The buyer’s claims arising from the resale of the goods under retention of title are hereby assigned to us. We accept this assignment. These claims serve as security to the same extent as the goods under retention of title. If the goods under retention of title are resold by the buyer together with other goods not supplied by us, the claim from the resale is assigned to us in proportion to the invoice value of our goods relative to the other goods sold. In the case of resale of goods in which we hold joint ownership shares pursuant to section 6.2, a portion corresponding to our ownership share is assigned to us.
The buyer is entitled to collect claims from the resale unless we revoke the collection authorization in the cases specified in section 5.6. At our request, the buyer is obliged to immediately inform their customers of the assignment to us—unless we do so ourselves—and to provide us with the necessary information and documents for collection, which may include the names and addresses of the debtors. The buyer is not entitled to further assign the claim under any circumstances. Assignment by way of genuine factoring is only permitted to the buyer on the condition that the factoring bank and the accounts maintained there for the buyer are disclosed, and that the factoring proceeds exceed the value of our secured claim. Upon crediting the factoring proceeds, our claim becomes immediately due.
We undertake, upon the buyer’s request, to release the securities owed to us to the extent that their realizable value exceeds the secured claims by 30%.
Notification of Defects, Warranty, and Liability
We are liable for defects within the meaning of § 434 BGB only as follows: The buyer must promptly inspect the received goods for quantity and condition. Obvious and/or detected defects, shortages, and incorrect deliveries must be reported in writing no later than within two weeks and, in any case, before processing. However, if the contract is part of the buyer’s commercial business, § 377 HGB applies with the provision that defects in delivered natural products must be reported within 3 days and defects in ceramic goods within 7 days.
If the buyer discovers defects in the goods, they are not allowed to dispose of them—that is, the goods may not be divided, resold, or further processed—until an agreement on the handling of the complaint has been reached or a preservation of evidence procedure has been conducted by an expert appointed by the Chamber of Industry and Commerce at the buyer’s location.
The buyer is furthermore obliged to give us the opportunity to inspect the reported defect on-site or, at our request, to provide the complained-about goods or samples thereof; if the buyer culpably refuses, the warranty is forfeited. The inspection must take place no later than 21 days after the complaint has been made.
We assume no liability for damages resulting from improper or incorrect use, faulty storage, negligent handling, or natural wear and tear.
In the case of justified complaints, we are entitled to determine the type of subsequent performance (replacement delivery, repair), taking into account the nature of the defect and the legitimate interests of the buyer.
We are not obligated to bear the expenses necessary for subsequent performance, especially transport and travel costs, insofar as they result from the purchased goods being moved to a different location of the buyer’s professional activity or commercial establishment after delivery—unless the relocation corresponds to the intended use of the item. Recourse claims pursuant to §§ 478, 479 BGB remain unaffected.

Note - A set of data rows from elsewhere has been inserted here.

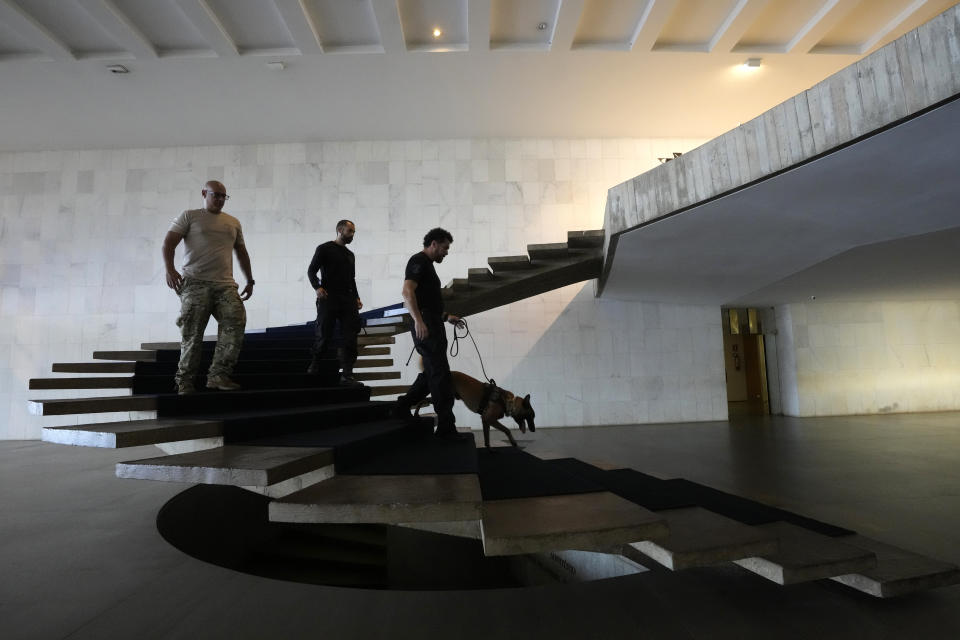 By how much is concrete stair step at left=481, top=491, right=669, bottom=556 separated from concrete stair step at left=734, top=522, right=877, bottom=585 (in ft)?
1.47

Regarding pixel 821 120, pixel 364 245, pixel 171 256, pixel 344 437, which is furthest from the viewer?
pixel 364 245

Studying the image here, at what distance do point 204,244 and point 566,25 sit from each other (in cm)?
578

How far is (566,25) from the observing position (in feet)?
22.2

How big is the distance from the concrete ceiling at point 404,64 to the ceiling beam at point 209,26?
2 centimetres

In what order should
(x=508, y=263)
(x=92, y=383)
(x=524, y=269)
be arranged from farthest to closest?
(x=524, y=269) < (x=508, y=263) < (x=92, y=383)

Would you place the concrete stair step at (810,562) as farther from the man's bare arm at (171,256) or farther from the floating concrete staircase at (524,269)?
the floating concrete staircase at (524,269)

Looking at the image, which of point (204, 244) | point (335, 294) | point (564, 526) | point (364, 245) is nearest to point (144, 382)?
point (204, 244)

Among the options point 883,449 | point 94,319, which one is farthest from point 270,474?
point 94,319

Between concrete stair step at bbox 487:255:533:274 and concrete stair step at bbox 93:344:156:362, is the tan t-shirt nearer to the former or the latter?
concrete stair step at bbox 93:344:156:362

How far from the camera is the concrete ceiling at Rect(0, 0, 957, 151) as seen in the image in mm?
6664

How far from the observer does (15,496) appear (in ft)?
13.7

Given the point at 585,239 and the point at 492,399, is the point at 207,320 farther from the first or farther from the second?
the point at 585,239

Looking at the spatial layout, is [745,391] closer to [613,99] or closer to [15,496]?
[613,99]

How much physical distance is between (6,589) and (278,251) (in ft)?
26.2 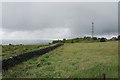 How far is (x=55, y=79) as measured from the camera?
262 inches

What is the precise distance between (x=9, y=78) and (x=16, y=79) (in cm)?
42

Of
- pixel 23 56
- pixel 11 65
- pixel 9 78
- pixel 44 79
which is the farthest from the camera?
pixel 23 56

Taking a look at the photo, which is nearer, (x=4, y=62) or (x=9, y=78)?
(x=9, y=78)

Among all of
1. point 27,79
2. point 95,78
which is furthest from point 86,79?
point 27,79

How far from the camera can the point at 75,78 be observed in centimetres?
639

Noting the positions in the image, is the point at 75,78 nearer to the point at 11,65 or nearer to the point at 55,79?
the point at 55,79

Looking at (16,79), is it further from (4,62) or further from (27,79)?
(4,62)

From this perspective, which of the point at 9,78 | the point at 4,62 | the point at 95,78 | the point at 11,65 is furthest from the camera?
the point at 11,65

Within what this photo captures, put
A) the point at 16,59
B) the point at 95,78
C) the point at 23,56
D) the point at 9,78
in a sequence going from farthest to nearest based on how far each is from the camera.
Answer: the point at 23,56, the point at 16,59, the point at 9,78, the point at 95,78

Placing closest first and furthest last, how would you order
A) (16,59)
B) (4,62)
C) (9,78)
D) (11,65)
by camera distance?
(9,78) → (4,62) → (11,65) → (16,59)

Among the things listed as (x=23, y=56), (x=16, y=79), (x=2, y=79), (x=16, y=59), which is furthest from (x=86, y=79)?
(x=23, y=56)

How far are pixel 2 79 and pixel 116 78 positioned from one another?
191 inches

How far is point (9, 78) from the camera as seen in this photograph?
23.2 ft

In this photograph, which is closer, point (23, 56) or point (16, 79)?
point (16, 79)
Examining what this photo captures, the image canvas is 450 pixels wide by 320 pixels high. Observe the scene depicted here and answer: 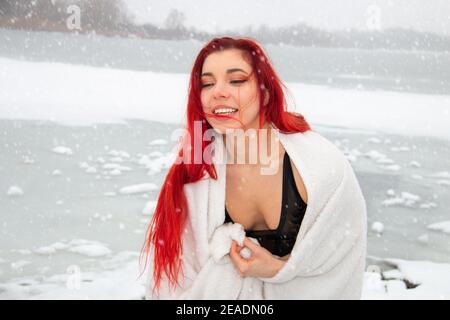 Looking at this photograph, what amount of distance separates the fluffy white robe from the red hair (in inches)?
1.0

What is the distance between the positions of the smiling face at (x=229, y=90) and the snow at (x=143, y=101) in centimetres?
233

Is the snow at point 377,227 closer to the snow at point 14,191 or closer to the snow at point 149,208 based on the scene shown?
the snow at point 149,208

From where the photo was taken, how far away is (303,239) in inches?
53.3

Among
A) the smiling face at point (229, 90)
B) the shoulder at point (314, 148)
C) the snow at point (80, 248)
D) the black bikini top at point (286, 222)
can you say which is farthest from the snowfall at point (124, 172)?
the smiling face at point (229, 90)

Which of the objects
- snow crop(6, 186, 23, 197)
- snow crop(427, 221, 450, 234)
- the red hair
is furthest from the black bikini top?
snow crop(6, 186, 23, 197)

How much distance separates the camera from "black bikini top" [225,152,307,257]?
141 centimetres

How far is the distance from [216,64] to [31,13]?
319 cm

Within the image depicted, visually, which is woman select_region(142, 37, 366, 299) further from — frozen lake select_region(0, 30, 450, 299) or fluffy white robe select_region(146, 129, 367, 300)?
frozen lake select_region(0, 30, 450, 299)

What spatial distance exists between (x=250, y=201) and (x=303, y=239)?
203mm

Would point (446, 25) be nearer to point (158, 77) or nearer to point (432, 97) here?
point (432, 97)

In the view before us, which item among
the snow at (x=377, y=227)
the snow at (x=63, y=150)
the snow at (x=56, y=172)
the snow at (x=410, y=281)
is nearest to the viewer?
the snow at (x=410, y=281)

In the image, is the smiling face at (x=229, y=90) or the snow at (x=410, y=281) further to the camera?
the snow at (x=410, y=281)

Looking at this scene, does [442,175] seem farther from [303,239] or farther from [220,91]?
[220,91]

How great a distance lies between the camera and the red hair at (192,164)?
1.39 meters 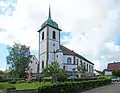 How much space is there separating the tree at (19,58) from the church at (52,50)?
6.14m

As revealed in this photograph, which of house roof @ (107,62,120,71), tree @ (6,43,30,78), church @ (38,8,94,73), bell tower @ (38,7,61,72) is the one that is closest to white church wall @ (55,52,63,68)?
church @ (38,8,94,73)

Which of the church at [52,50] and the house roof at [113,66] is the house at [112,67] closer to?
the house roof at [113,66]

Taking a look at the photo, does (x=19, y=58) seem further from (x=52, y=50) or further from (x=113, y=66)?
(x=113, y=66)

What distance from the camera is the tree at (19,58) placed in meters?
72.0

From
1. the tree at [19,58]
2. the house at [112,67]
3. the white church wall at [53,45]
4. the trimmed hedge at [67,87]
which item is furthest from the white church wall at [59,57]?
the house at [112,67]

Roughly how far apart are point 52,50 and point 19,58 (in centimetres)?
1136

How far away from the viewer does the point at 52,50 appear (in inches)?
3054

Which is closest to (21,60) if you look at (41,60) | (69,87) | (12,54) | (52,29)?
(12,54)

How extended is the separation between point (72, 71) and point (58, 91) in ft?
171

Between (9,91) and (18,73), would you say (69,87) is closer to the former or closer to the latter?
(9,91)

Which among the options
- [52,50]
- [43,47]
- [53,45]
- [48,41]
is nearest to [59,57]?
[52,50]

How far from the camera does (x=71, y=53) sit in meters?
82.9

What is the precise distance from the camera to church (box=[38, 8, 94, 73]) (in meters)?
76.8

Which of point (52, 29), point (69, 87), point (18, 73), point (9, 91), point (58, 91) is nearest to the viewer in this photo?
point (9, 91) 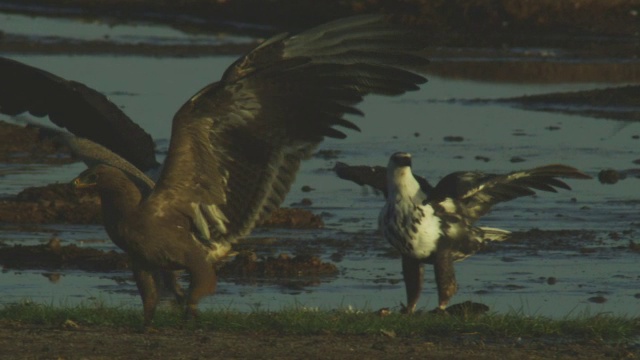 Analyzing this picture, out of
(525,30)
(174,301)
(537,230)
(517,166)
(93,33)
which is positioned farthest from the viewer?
(93,33)

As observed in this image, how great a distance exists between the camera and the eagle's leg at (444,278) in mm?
10414

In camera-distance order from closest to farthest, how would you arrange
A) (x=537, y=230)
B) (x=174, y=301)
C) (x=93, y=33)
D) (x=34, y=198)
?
(x=174, y=301), (x=537, y=230), (x=34, y=198), (x=93, y=33)

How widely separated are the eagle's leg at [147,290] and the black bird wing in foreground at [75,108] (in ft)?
4.63

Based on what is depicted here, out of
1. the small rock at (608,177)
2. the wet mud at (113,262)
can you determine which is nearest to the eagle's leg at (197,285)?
the wet mud at (113,262)

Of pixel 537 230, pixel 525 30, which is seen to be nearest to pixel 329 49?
pixel 537 230

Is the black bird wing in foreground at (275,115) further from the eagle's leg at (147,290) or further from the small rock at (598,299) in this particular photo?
the small rock at (598,299)

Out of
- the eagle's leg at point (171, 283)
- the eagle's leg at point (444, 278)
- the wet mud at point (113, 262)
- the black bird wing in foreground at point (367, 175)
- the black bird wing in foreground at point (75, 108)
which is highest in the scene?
the black bird wing in foreground at point (75, 108)

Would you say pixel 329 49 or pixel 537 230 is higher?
pixel 329 49

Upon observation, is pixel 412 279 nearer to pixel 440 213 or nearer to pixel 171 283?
pixel 440 213

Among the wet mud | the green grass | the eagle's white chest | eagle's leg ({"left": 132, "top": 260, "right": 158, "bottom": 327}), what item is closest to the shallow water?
the wet mud

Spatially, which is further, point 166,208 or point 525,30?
point 525,30

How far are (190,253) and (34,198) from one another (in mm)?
6150

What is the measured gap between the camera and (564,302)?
11055mm

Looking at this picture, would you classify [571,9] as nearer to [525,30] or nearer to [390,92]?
[525,30]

Recourse claims pursuant to §§ 478, 479 BGB exist only if the consumer’s claim was justified and only to the extent provided by law; they do not apply to goodwill arrangements made without our agreement. Furthermore, they require the recourse claimant to observe their own duties, in particular the obligation to give notice of defects.
The buyer must inform us immediately of any warranty case occurring with a consumer.
Claims for material defects expire after 12 months. This does not apply where the law prescribes longer periods according to § 479 BGB (recourse claim).
Claims for damages are subject to Section 8 (General Limitation of Liability).
General Limitation of Liability
Claims for damages and reimbursement of expenses by the buyer (hereinafter “claims for damages”), regardless of the legal grounds—especially due to breach of obligations arising from a contractual relationship or from unlawful acts—are excluded. This does not apply in cases of assuming a guarantee or procurement risk. Furthermore, it does not apply where we are mandatorily liable, for example under the Product Liability Act, in cases of gross negligence, injury to life, body, or health, as well as breach of essential contractual obligations. However, claims for damages for breach of essential contractual obligations are limited to the typical, foreseeable damage, unless gross negligence is attributable to us or liability arises due to injury to life, body, or health. This does not involve any shift in the burden of proof to the detriment of the buyer.
This provision applies accordingly to the buyer.
Data Protection
The buyer is hereby informed that we process the personal data collected in the course of the business relationship in accordance with the provisions of the Federal Data Protection Act.
to the data protectiondeclaration
Place of performance, jurisdiction, applicable law
Place of performance and exclusive jurisdiction for deliveries and payments (including claims related to checks and bills of exchange), as well as all arising disputes, shall be the location of our company headquarters in 71272 Renningen, provided that the buyer is a merchant, a legal entity under public law, or a special public fund. However, we are entitled to sue the buyer at their place of jurisdiction.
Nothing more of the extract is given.